Hajar – ibunda Ismail yang tegar ditinggal suami.

Ketika Ibrahim membawa Hajar dan Ismail yang masih menyusu ke Mekkah, saat itu tak ada manusia yang bisa bertahan hidup di tempat itu. Ibrahim menempatkan istri dan anaknya di dekat sumur kering (zamzam), dekat sebuah pohon besar.

Ibrahim meninggalkan Hajar dan Ismail dengan bekal kurma dan segentong air. Hajar mengikutinya diam-diam. “Wahai Ibrahim, ke manakah Engkau akan pergi? Engkau meninggalkan Kami di lembah ini padahal tidak ada seorang pun manusia hidup di sini, serta tidak ada makanan tersedia di sini!” seru Hajar.

Ibrahim diam saja hingga Hajar bertanya, “Apakah Allah memerintahkanmu melakukan hal ini?”
“Betul, wahai Istriku,” jawab Ibrahim. “Kalau begitu, Allah tidak akan menyia-nyiakan Kami,” Hajar menjadi tenang dan kembali ke tempat semula.

Ibrahim kemudian berdo’a di Tsaniyyah agar istri dan anaknya menjadi orang-orang yang mendirikan shalat serta bersyukur, disukai orang-orang, dan diberikan rezekidari buah-buahan (QS. Ibrahim: 37).

Setelah perbekalan habis, Ismail menjadi pucat pasi karena kehausan.
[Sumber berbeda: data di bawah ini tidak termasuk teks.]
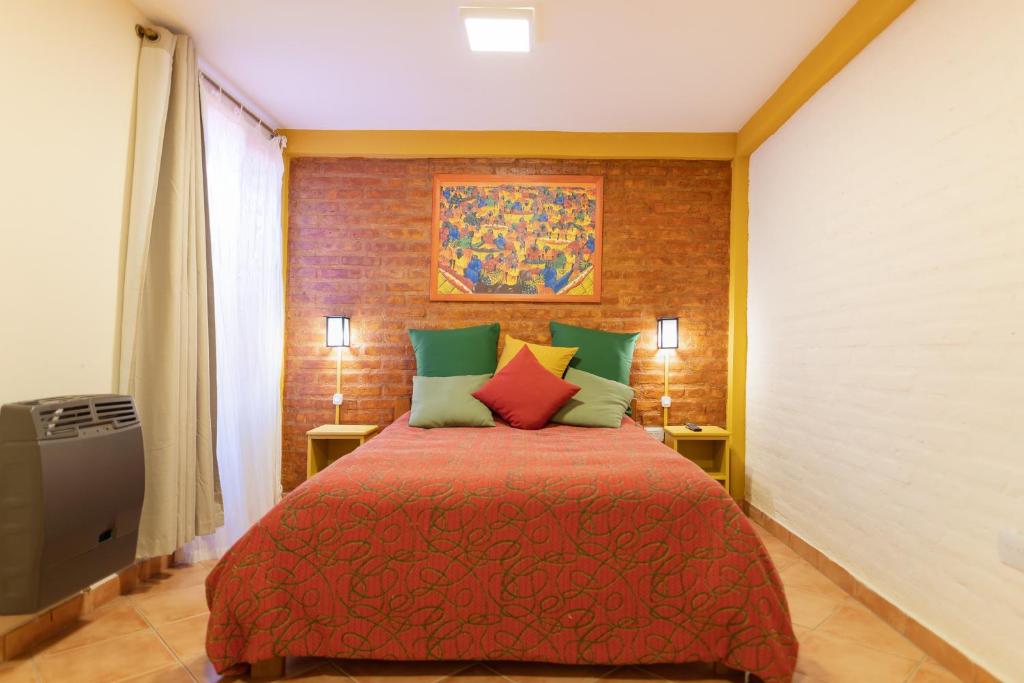 1 dormitorio con 1 cama con colcha roja en Samaná Departamentos en El Bolsón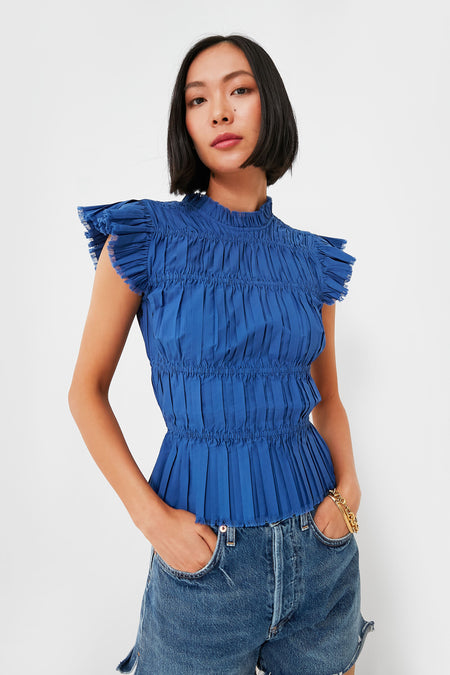 A woman in a pleated, short-sleeve cobalt Blue Greir Top by Sea New York, featuring ruffle details, styled with casual blue denim shorts.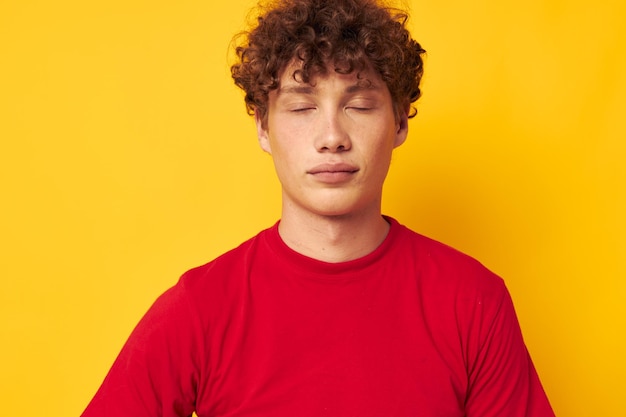 Chico lindo con el pelo rizado en un primer plano de camiseta roja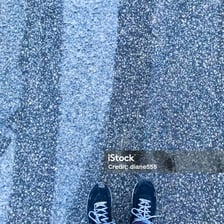 A person's feet wearing shoes.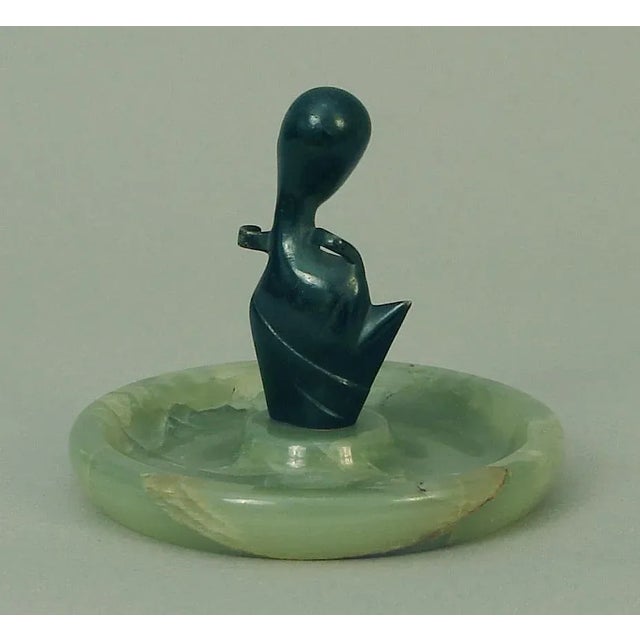 Signed “Austria.” Behold this particularly exquisite, sculptural bronze on onyx by mastercrafting Austrians, a highly...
Hajar iba dan mendatangi bukit Shafa, dekat lembah Mekkah namun tak ada seorang pun yang terlihat. Ia menuruni Shafa, melewati sebuah lembah lalu mendaki bukit Marwah dan berdiri di sana cukup lama. Namun tak ada seorang pun yang ia temui. Ia bolak-balik sebanyak 7 kali dan akhirnya menangis. Malaikat Jibril ditugaskan Allah, menampakkan dirinya kepada Hajar, lalu menginjak-injakkan kakinya (sebagian riwayat menyebutkan “mengepak-ngepakkan sayapnya”) sehingga muncullah mata air, yaitu sumur zamzam.

Hajar membendung mata air itu seperti sebuah kolam. Ia mencidukkan tangannya untuk minum. Setiap kali ia menciduk, air bertambah banyak. Tak berapa lama kabilah Jurhum singgah di tempat itu, meminta izin untuk singgah kemudian menetap di tempat itu. Kabilah Jurhum hidup tenteram dan makmur dan tempat itu disinari oleh cahaya kenabian. Ismail tumbuh menjadi pemuda yang tampan dan cerdas di tengah-tengah kabilah itu.
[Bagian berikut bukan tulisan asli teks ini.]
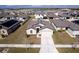 Aerial view of a suburban home featuring a landscaped yard and a neighborhood setting at 1102 Wynnmere Walk Ave, Ruskin, FL 33570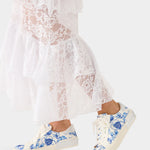 White lace dress with blue floral sneakers on a white background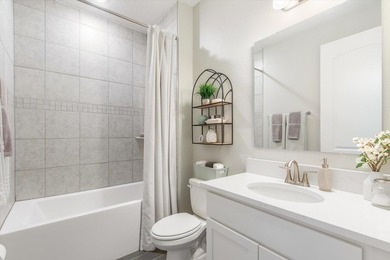 Former Model Home - Situated in Elegant Manor Estates, you will - photo 25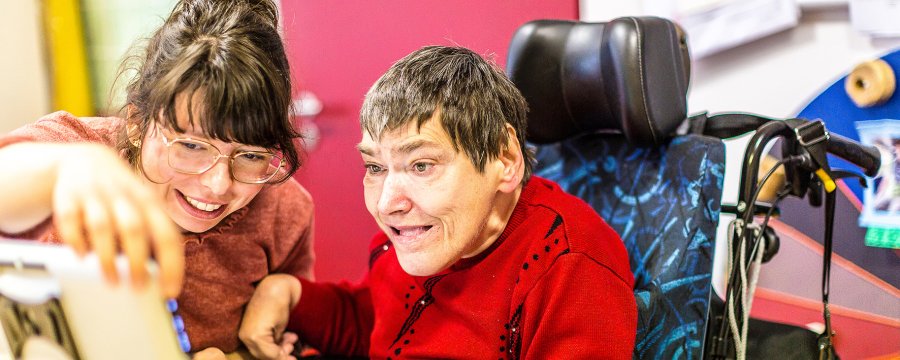 Eine Kollegin aus dem Team Unterstützende Kommunikation erklärt einem Menschen mit Unterstützungsbedarf das Hilfsmittel.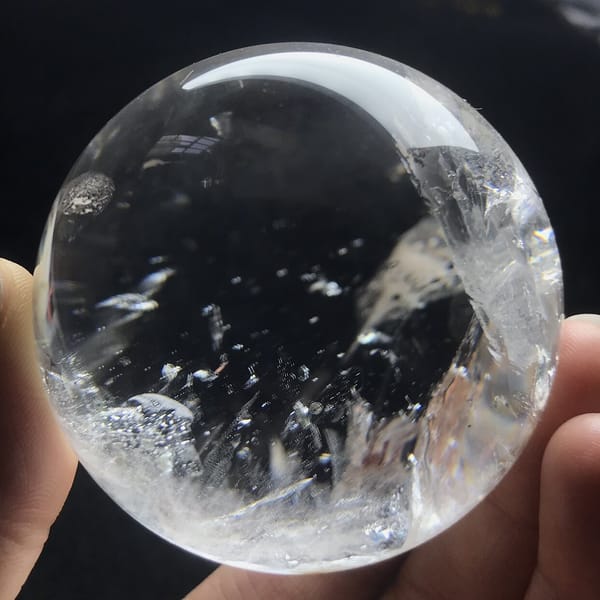 Round dark mica flake near the left edge of the clear sphere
Sumber: wallpaperswide.com
Ummu Sulaim – Gelarannya “cucu Ayyub” karena kesabarannya

Namanya Ummu Sulaim Al-Anshariyyah. Ia diibaratkan seperti gunung yang bergeming diterjang angin dan badai. Suami pertamanya Malik, meninggal, meninggalkan satu anak: Anas bin Malik.

Abu Thalhah yang masih kafir melamarnya. Ummu Sulaim menolaknya. Ia mau menerimanya asalkan diberi mahar “Islam”. Ia tak meminta harta benda meski Abu Thalhah bisa memberikannya. Yang diinginkannya, Abu Thalhah menjadi seorang muslim. Abu Thalhah tergerak masuk Islam. Rasulullah berkata, “Abu Thalhah datang kepada kalian. Pancaran keislaman tampak di antara kedua matanya.” Maka menikahlah Abu Thalhah dengan Ummu Sulaim setelah ia masuk Islam.

Mereka dikaruniai seorang anak laki-laki. Suatu saat anak itu sakit parah hingga Abu Thalhah sedih sekali. Tetapi sakitnya putranya tidak menghambat semangatnya dalam mempelajari Islam. Salah satu kebiasaan Abu Thalhah adalah shalat subuh berjama’ah dengan Rasulullah. Ia tetap bersama Rasulullah hingga menjelang siang. Ia pulang ke rumah hanya untuk istirahat dan makan siang. Lalu ia pergi shalat zuhur berjama’ah dan tidak pulang hingga waktu ashar.

Suatu sore, saat ia tidak berada di rumah, anak lelakinya itu meninggal. Ummu Sulaim berkata, “Tak ada seorang pun boleh memberitahu kabar ini kepada Abu Thalhah hingga ia bersedih hati.”

Pulang ke rumah, Abu Thalhah bertanya, “Bagaimana keadaan anakku?”
“Sejak tadi ia mengeluh, tapi sekarang ia sudah lebih tenang,” jawab Ummu Sulaim.

Ummu Sulaim kemudian menyiapkan makan malam untuk Abu Thalhah dan sahabat-sahabatnya. Setelah tamu-tamunya pulang Ummu Sulaim bersolek dengan sangat menawan dan mengenakan pakaian yang sangat indah. Lalu pasangan suami istri ini mereguk madu kebahagiaan yang amat manis.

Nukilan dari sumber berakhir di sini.